The Python script invokes ollama.generate() with a model string that points to a GGUF on Hugging Face:

import ollama

selected_id = 'hf.co/mradermacher/Llama-3.2-3B-Instruct-uncensored-GGUF'

def pick_token(text):
    output = ollama.generate(
        model=selected_id,
        prompt=f"Identify the product/item in {text}. ..."
    )
    return output.get('response', '').strip()

The call fails with a 404 coming from the Ollama server:

model 'hf.co/mradermacher/Llama-3.2-3B-Instruct-uncensored-GGUF' not found (status code: 404)

What’s actually going on

When you use the Ollama CLI interactively, Ollama will pull models for you on demand. The Python API behaves differently: it won’t auto-pull. The server must already have the model locally. If it doesn’t, the API responds with a 404. This is why other “standard” models appear to work while a new or external identifier fails. In practical terms, the error indicates that the model name you provided is not present on the Ollama server. It can also happen if the identifier is not exactly correct or if that model was removed and is no longer available under that name.

Solution: ensure the model is present on the server before generating

Verify what’s installed, then pull what you need. The Ollama Python library exposes both steps directly.

To inspect what’s currently available on the server:

import ollama

installed = ollama.list()
print(installed)

To fetch a model to the server before using it from the API:

import ollama

ollama.pull('llama3.2')

After the pull completes, generate as usual. Here is a minimal flow that pulls a known model and then calls generate, keeping the original program logic intact:

import ollama

model_ref = 'llama3.2'

# Make sure the model exists on the server for API access
ollama.pull(model_ref)

def fetch_keyword(text):
    payload = ollama.generate(
        model=model_ref,
        prompt=f"Identify the product/item in {text}. ..."
    )
    return payload.get('response', '').strip()

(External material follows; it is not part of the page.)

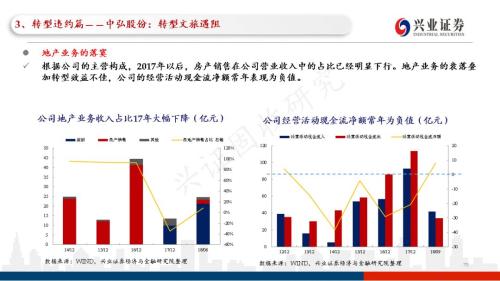 信用债违约探秘：102页PPT看违约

For more details on the available calls, refer to the Ollama API documentation: https://github.com/ollama/ollama-python?tab=readme-ov-file#api.

Why this matters

The difference between CLI and API behavior is easy to overlook. In interactive sessions the CLI masks missing models by pulling them automatically, while API-driven applications require that models are preloaded on the server. Understanding this avoids 404s at runtime, prevents confusing “works on my machine” scenarios, and leads to predictable deployments.

Takeaways

If your Ollama Python call fails with a 404 for a Hugging Face GGUF identifier, the server doesn’t have that model. Confirm the exact model name you intend to use, list what’s currently installed, and pull the target model before generating. Keeping these steps in your workflow ensures stable API behavior and fewer surprises when you move from experiments to production.